Pkg.activate("explore002", shared=true)

using MLJBase
using MLJModels
using Tables

EvoTreeBooster = @load EvoTreeRegressor
booster = EvoTreeBooster()

X, y = make_regression(1000, 5)

# this works:
mach = machine(booster, X, y) |> fit!

# this doesn't
X = Tables.rowtable(X)
mach = machine(booster, X, y) |> fit!

# ERROR: BoundsError: attempt to access 1000-element Vector{NamedTuple{(:x1, :x2, :x3, :x4, :x5), NTuple{5, Float64}}} at index [1] 
# Stacktrace:
#  [1] getcolumn(x::Vector{NamedTuple{(:x1, :x2, :x3, :x4, :x5), NTuple{5, Float64}}}, i::Int64)                                                                                      
#    @ Tables ~/.julia/packages/Tables/NSGZI/src/Tables.jl:101
#  [2] fit(model::EvoTrees.EvoTreeRegressor{EvoTrees.MSE}, verbosity::Int64, A::Vector{NamedTuple{(:x1, :x2, :x3, :x4, :x5), NTuple{5, Float64}}}, y::Vector{Float64}, w::Nothing)
#    @ EvoTrees ~/.julia/packages/EvoTrees/jzXEo/src/MLJ.jl:3
#  [3] fit(model::EvoTrees.EvoTreeRegressor{EvoTrees.MSE}, verbosity::Int64, A::Vector{NamedTuple{(:x1, :x2, :x3, :x4, :x5), NTuple{5, Float64}}}, y::Vector{Float64})            
#    @ EvoTrees ~/.julia/packages/EvoTrees/jzXEo/src/MLJ.jl:3
#  [4] fit_only!(mach::Machine{EvoTrees.EvoTreeRegressor{EvoTrees.MSE}, true}; rows::Nothing, 
# verbosity::Int64, force::Bool, composite::Nothing)                                         
#    @ MLJBase ~/.julia/packages/MLJBase/fEiP2/src/machines.jl:680
#  [5] fit_only!
#    @ ~/.julia/packages/MLJBase/fEiP2/src/machines.jl:606 [inlined]
#  [6] #fit!#63
#    @ ~/.julia/packages/MLJBase/fEiP2/src/machines.jl:777 [inlined]
#  [7] fit!
#    @ ~/.julia/packages/MLJBase/fEiP2/src/machines.jl:774 [inlined]
#  [8] |>(x::Machine{EvoTrees.EvoTreeRegressor{EvoTrees.MSE}, true}, f::typeof(fit!))
#    @ Base ./operators.jl:907
#  [9] top-level scope
#    @ REPL[12]:1

jeremiedb commented 8 months ago

Perhaps you are calling Tables.columnnames(X) directly on a table X

Guilty :) The Tables implementation effectively assumed working with columntables. Since there were several dependencies to getcolumn internally, I've added a conversion to Tables.columntable. It doesn't add any overhead when Tables are already in such format which is the most common case I suppose (such as DataFrame).

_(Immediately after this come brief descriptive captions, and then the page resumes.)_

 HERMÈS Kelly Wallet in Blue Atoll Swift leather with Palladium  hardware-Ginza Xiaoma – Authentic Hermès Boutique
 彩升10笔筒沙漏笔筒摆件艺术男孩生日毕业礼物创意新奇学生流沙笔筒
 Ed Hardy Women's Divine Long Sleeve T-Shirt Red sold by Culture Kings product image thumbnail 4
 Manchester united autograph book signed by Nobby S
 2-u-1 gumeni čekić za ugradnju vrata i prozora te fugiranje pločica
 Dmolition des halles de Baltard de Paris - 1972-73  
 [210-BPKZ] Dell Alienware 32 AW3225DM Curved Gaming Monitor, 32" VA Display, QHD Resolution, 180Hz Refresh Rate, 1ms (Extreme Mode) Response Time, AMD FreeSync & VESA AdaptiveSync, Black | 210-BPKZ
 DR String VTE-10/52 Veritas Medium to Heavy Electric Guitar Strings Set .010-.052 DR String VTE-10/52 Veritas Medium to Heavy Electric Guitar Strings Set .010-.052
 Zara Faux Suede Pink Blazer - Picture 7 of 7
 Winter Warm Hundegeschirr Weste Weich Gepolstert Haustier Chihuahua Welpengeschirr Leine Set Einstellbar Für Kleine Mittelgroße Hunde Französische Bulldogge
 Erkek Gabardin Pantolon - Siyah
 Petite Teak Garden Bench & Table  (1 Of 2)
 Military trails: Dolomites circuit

Regarding the impact on TunedModel I'd expect it to be very small, as when a new hyper-prams configuration is tested, a full model initialisation must be performed. Such initialization time is essentially the same for both the original Matrix and the new Tables based internal APIs. The bulk of computing time during an EvoTree training is normally spent iterating over n trees; steps which are identical in EvoTrees regardless of if the input was originally a Matrix of a Tables.

Thanks a lot for taking the time to look at the PR. And sorry about the digression about the iterated API. I'm trying to gather some coherent proposal so as to have a constructive take, will ping back once done!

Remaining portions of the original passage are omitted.